Before using the chip in my project, I created a small test board. Using this board I can test various things. First I liked to test the performance under load. Next I tested if the chip can be hand soldered and finally I tested the final board layout I will use in my project.
Performance
The performance of this chip is really good, producing a very stable output. I designed everything for a load up to 2A with all suggested components from the specification. There will never be a higher load than 0.5A, so I probably could use a smaller coil for the final project.
Running under 0.5A load from 3.3V for over half an hour, the chip stays quite cold. Even in my case, where the chip bottom is not directly soldered to the board, it seems to be able to transfer the heat into the board. This is nicely visible in the thermal image of the board.
The Board
The board was produced by OSH Park in a good quality. If you like to experiment with this chip, you can order this board very cheap at OSH Park using the following link.
You can find the BOM for this board here. The resistor R2
and LED1
are optional, all other components are required for the power converter to work.
IC1 Texas Instruments TPS61092RSAR L1 Panasonic ETQ-P3M6R8KVP LED1 Bivar SM0805GCL R1 KOA Speer RK73H2ATTD3303F R2 KOA Speer RK73H2ATTDD4701F C1 Vishay VJ0805G106KXQTW1BC C2 Vishay VJ0805V104ZXJCW1BC C3 Vishay VJ0805V225MXJTW1BC C4 AVX TAJC107K010TNJ
I routed all pins of the board to the connectors, so you can also test the battery level detection of the chip if you like. The image below shows the schema for this very simple board:
The schema lacks the correct labels for the connectors, see the silkscreen on the bottom of the board to see the meanings of the connectors.
The board looks great, especially the silk screen is incredible precise. All these labels are only 1mm in height. There is just a small misalignment between the copper layer and the solder mask (<0.05mm).
Soldering
Hand soldering this chip is no pleasant experience, nevertheless it is feasible. I designed the board to make hand soldering possible, keeping the connections between the pin pads of the chip to the copper fills small. This allows the solder iron to heat up the pad fast enough to melt the solder quickly.
I did all the chip soldering under a microscope, using additional flux to make sure the solder quickly connected to the chip pads.
All other components are very simple to solder. The pads for the capacitor C4
are a little bit too small for hand soldering, you have to center this capacitor carefully.

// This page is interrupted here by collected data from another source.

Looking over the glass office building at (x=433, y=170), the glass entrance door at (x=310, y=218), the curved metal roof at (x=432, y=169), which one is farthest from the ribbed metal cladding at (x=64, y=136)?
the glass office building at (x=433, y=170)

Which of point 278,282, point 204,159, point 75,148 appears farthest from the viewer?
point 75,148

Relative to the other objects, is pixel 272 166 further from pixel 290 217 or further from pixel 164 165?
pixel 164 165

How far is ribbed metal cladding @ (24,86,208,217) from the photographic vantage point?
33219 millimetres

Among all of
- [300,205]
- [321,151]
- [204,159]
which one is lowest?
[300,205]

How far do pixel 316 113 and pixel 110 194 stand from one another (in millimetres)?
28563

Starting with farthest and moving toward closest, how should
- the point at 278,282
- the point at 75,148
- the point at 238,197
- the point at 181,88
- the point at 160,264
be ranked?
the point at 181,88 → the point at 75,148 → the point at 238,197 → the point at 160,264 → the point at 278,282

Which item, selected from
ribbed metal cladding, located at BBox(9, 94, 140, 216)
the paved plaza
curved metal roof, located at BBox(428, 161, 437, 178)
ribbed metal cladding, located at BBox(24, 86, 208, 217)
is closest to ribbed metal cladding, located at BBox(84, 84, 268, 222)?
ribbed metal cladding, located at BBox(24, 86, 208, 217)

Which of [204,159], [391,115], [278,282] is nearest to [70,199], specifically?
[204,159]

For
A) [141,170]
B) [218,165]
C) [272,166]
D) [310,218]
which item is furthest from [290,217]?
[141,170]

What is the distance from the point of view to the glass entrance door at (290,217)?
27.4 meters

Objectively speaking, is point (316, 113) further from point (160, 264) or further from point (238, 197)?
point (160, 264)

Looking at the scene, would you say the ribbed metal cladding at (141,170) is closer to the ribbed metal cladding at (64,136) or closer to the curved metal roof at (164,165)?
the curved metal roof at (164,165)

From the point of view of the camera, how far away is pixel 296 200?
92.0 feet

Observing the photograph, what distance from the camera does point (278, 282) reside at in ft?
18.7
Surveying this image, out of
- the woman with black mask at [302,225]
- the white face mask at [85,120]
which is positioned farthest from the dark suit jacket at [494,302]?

If you have questions, miss some information or just have any feedback, feel free to add a comment below.
Have fun!
Doing reflow in a toaster oven or hot plate, or just getting a cheap hot air tool, is really not a big deal. But, if insistent on not using one of those, you can simply expose a small bit of the copper pad on the back side of the PCB so that it’s solderable. Add solder to saturate the vias and have a bit of excess on both sides, including a slight “bump” on component side, then flux it, place and hold the chip aligned and apply the iron to the backside to reflow the solder through the board. When the bump reflows fully, the chip will sit down on the board. Yes, it’s a little tricky, but it allows doing assembly or rework with no special tools. Of course, for removal you still may need hot air, but some removal alloy or careful use of a standard heat gun can help.
Hi John,
I use hot air for soldering a lot. It is indeed no big deal and especially for chips, I prefer hot air soldering over hand soldering.
For a current project, I just like to create it in a way, people can build it with a solder iron. This is the reason why I search for a solution which can be hand soldered.
You idea is very nice, I just recently found a design with a “large” hole under a similar chip, which is just filled with solder. I will have to try this with another test board.